Eva swipe un peu machinalement en prenant son café. Elle se force à sélectionner des profils : depuis le temps qu’elle utilise l’application, elle a été de plus en plus déçue, elle a dû revoir ses exigences à la baisse. Elle swipe surtout à gauche. Quand ça « matche », elle ne prend plus le temps de rédiger un message, les débouchés des initiatives l’ont conduite à la passivité, elle attend le contact comme on attend un bus. Après deux ou trois Valentin libertins, quatre à six épicuriens tétanisés par les perspectives de « prises de tête » et focalisés sur le plan-cul, alors qu’elle a bien précisé qu’elle voulait du « sérieux », elle ne veut plus s’épuiser dans les échanges. Que fait-elle encore sur cette application ? Elle est obsédée par l’exemple de Patricia, qui a trouvé le grand amour sur Tinder. Oui, le grand, certainement, puisque sa collègue est sur un petit nuage rose depuis un an. Un an, pas trois jours, pas un mois, pas deux semaines comme tout ce qu’a connu Eva depuis son inscription. Ces relations-désillusions encore balayées par un mince espoir. Pour combien de temps… Elle s’est fait avoir à plusieurs reprises par des charmeurs, évidemment, qui l’ont menée dans leur lit puis jetée comme un kleenex, mais globalement ça n’a pas été plus loin que quelques échanges par messagerie. Une constante : ces messieurs ne tiennent pas la durée. Pas de cour empressée, il faut aller directement au but en quelques heures sinon ils disparaissent. Et puis à peu près tout le temps ils sont sur plusieurs lièvres à la fois. Eva grimace, elle déteste l’idée d’être un gibier. La colère monte, elle ferme l’application sèchement, boit sa dernière gorgée de café et remet le téléphone portable dans son sac. Oh, il y a des moments où elle y a vraiment cru, elle a arrêté de regarder des profils, se focalisant sur ce si charmant nouveau contact. Mais finalement il rompait soudainement tout échange, elle a fini par faire de même : l’herbe est sûrement plus verte ailleurs, et si c’est pour se faire « ghoster », autant tenir plusieurs conversations en même temps, non ? C’est devenu plus une loi du Talion qu’une quête amoureuse. Elle sent encore la rage contracter ses mâchoires, ils la dégoûtent, mais à chaque début d’échange, elle a encore la montée d’adrénaline… et si c’était enfin le bon ?

Depuis hier elle discute avec Alan, avec prudence, avec méfiance, avec presque une rancœur anticipée. Il faudra qu’il fasse tomber les barrières qu’elle s’est érigées. Elle s’était déjà éloignée de sa zone de confort en cliquant son profil sans photo. Une photo d’un chat, elle s’était pourtant juré de ne pas recommencer depuis que le précédent avait avoué en deux minutes être branché sur des relations extraconjugales. Pas éphémères, donc pour lui c’était du sérieux. Hahaha. Alan a été vraiment dans une discussion soutenue pendant une heure, c’est de bonne augure. Il n’était pas sur plusieurs pistes. En tout cas pas à ce moment-là. Va savoir… Elle se replonge dans le travail.

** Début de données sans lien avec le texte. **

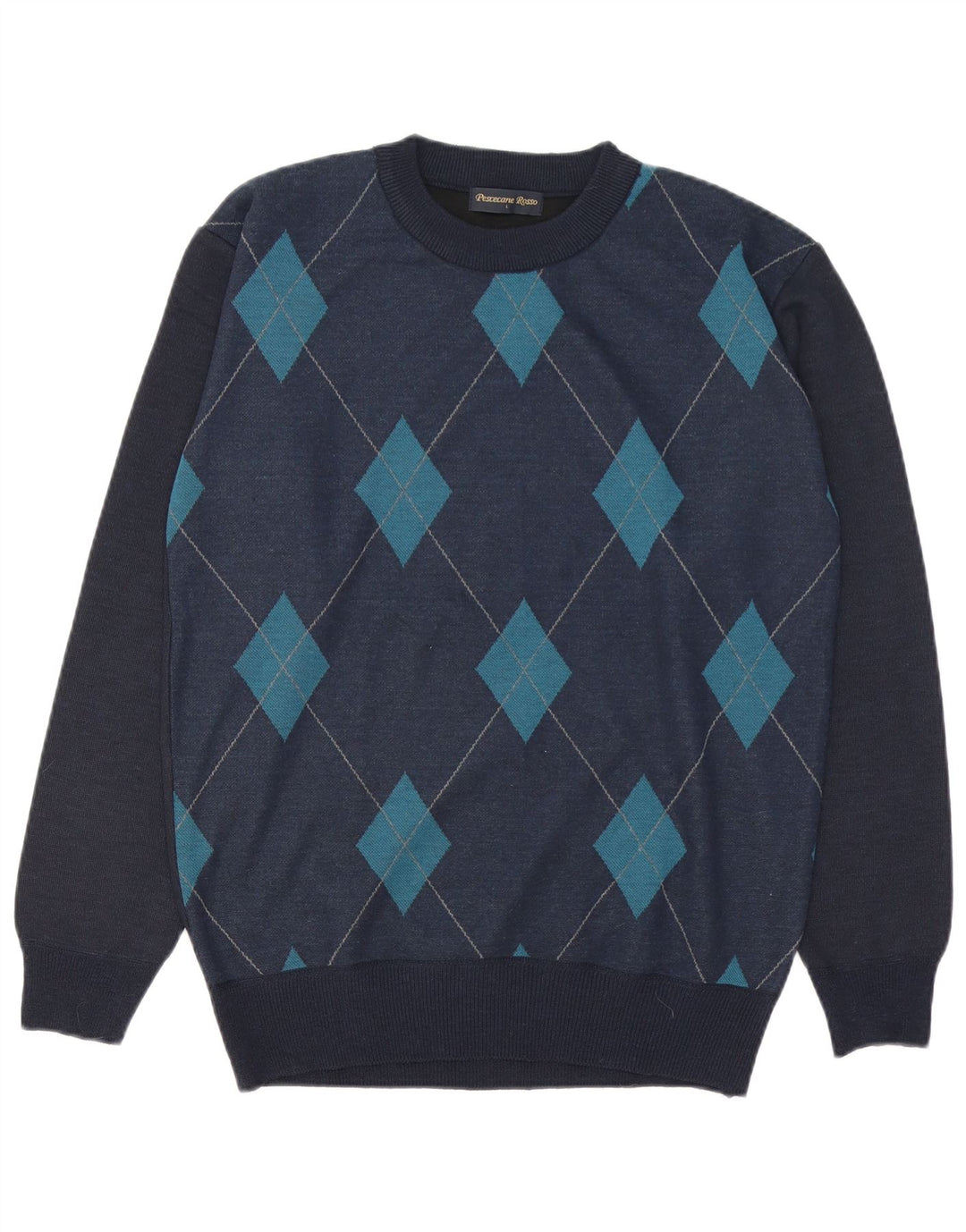 Vintage hombres cuello redondo jersey suéter grande azul marino Argyle/lana de diamante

Le soir dans le bus, la colère est passée. Elle revient sur Tinder. Par habitude. Tous les soirs dans le bus, elle passe dessus et swipe. Machinalement. Un peu plus tard, elle est de retour, il y a Alan. Il la persuade d’échanger par téléphone. Elle accepte. Sa voix ne lui fait rien, lui s’extasie sur celle d’Eva, son rire, qu’il trouve charmant. Il a un discours velouté, les compliments suaves. Elle se sent flattée. Elle se sent choisie, attendue, espérée… Il raccroche et il lui souhaite bonne nuit sur Whatsapp, avec des bisous.

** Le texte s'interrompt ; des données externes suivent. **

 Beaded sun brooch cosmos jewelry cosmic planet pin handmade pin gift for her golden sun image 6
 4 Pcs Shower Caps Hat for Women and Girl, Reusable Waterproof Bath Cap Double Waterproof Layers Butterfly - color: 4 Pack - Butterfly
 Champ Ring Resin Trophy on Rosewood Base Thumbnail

Le lendemain, quand elle allume son téléphone au petit-déjeuner, elle voit un message Whatsapp. Encore des bisous. C’est mignon et en même temps un peu ridicule pour un homme de cet âge. Mais il a posté ce message, donc il a pensé à elle dès le matin. Pour un peu, elle rougirait. Elle part au travail bêtement guillerette. Le soir, ils reprennent brièvement l’échange où il était resté sur Whatsapp. Il lui indique bientôt qu'il va se coucher, elle est presque déçue. Il lui a dit qu’il la trouvait merveilleuse, que leur conversation téléphonique avait été si agréable et fluide qu’il avait envie de la voir. Bientôt. Vite. Elle s’endort avec cette satisfaction : il est sous son charme. Le lendemain elle reçoit un message après déjeuner, pour savoir comment elle va. Avec des bisous. Elle répond des banalités et pourtant il répète qu’il a très envie de la voir. Il a l’air subjugué. C’est tôt. Mais en même temps, c’est normal, non ? Du charme n’en a-t-elle pas ? N’a-t-elle pas une voix sexy ? On lui a déjà dit.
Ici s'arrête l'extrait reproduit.